I have a control file which tells me which are the fields in the files I need to compare and based on the values I need to print the exact value if key =Y and output is Y , or if output is Y/N then I need to print only Y if it matches or N if it does not match and if output =N , then skip the feild to compare and write it to a output file
For ex:
my control file

key|compare_field|output
Y|Field_1|Y
N|Filed_2|Y/N
Y|Field_3|Y
N|Field_4|Y/N
N|Field_5|N
N|Field_6|Y/N
file1
field_1|feld_2|field_3|field_4|field_5|field_6
000|adbc|edfr|hjkl|890|jlk|ioy
678|jfjd|djla|uopp|678|jyh|jkl
file2
field_1|feld_2|field_3|field_4|field_5|field_6
000|adbc|edfr|hjkl|890|jlk|ioy
678|juio|djla|uopu|678|jyh|jkl
my output should be
field_1|feld_2|field_3|field_4|field_6
000|Y|edfr|Y|Y
678|N|djla|N|Y

I was trying to do it in 2 parts and then combine, but I am lost, need your help to combine this logic.

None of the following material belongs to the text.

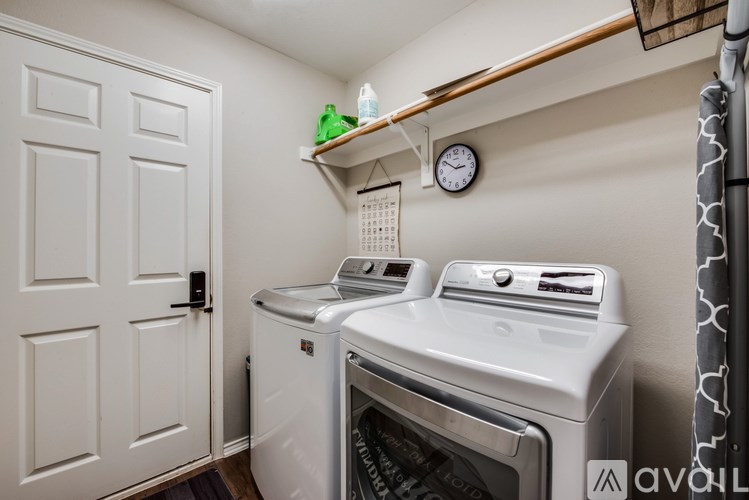 A small laundry room with a washer and dryer.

# to copy the field names as the header in the report file.
nawk -F\| 'END {print x } $NF =="Y" || $NF == "Y\/N" { printf "%s",$2 FS >> "report_file" }' control_file

To compare the 2 files and print the output as Y or N

nawk -F'|' '{ getline x <f; split(x,F,"|")}
NR >1 {for(i=2;i<=NF;i++) $i=(F==$i)?"Y";"N"}1' OFS="|" f=file2 file1

I can do then seperately, but I am not able to read the control file and compare the files based on the control file.

Please help me.
Thanks in Advance
newtoawk

pravin27 · November 7, 2010, 1:23am

Something like this,

awk -F'|' 'NR==FNR && NR>1 {a[++i]=$1$3;next} FNR>1 {if (b[FNR]) { c[FNR]=$0} else {b[FNR]=$0}} END {for(k in c) {split(c[k],d,"|");split(b[k],e,"|") ;for (j=1;j<=6;j++) {if (a[j]=="YY") {printf "%s|", d[j]} else if(a[j] != "NN") {printf "%s|" ,(d[j]==e[j])?"Y":"N"}}printf "\n"}}' control_file file1 file2

newtoawk · November 7, 2010, 4:51am

Thanks a lot Pravin, wish you happy deepavali to you. I ran the script and this is the output I got.

Y|adbc|Y|Y|Y|
Y|juio|Y|Y|Y|

Can you please explain me the code, so that I can make changes accordingly.
Thanks once again.

pravin27 · November 7, 2010, 5:44am

I hope this will help you.

awk -F'|' 'NR==FNR && NR>1 {a[++i]=$1$3;next}   #Read first file i.e. control_file starting from line 2 and fill the  array 'a' with value $1$3 i.e. Key and output field
            FNR>1 { if (b[FNR]) { c[FNR]=$0} else { b[FNR]=$0} } #Read file1 and file2 and fill the array 'b' for file1 and 'c' for file2
            END {
                for(k in c) {
                             split(c[k],d,"|");split(b[k],e,"|") ; # fill the array 'd' and 'e' by spilting record into fields of file1 and file2
                             for (j=1;j<=6;j++) {
                                                 if (a[j]=="YY") { #if key and output both are 'Y' then print the field as it is
                                                                  printf "%s|", d[j]
                                                                  } 
                                                 else if(a[j] != "NN") {  #if key and output both are not 'N'
                                                                        printf "%s|" ,(d[j]==e[j])?"Y":"N" #if field from file1 and file2 same then print 'Y' else 'N'
                                                                        }
                                                  }printf "\n"
                             }
                 }' control_file file1 file2

newtoawk · November 8, 2010, 7:50am

thanks a lot Pravin ..it works fine ...my compare fields would change ..so I can not hardcode the vaule in for (j=1;j<=6;j++).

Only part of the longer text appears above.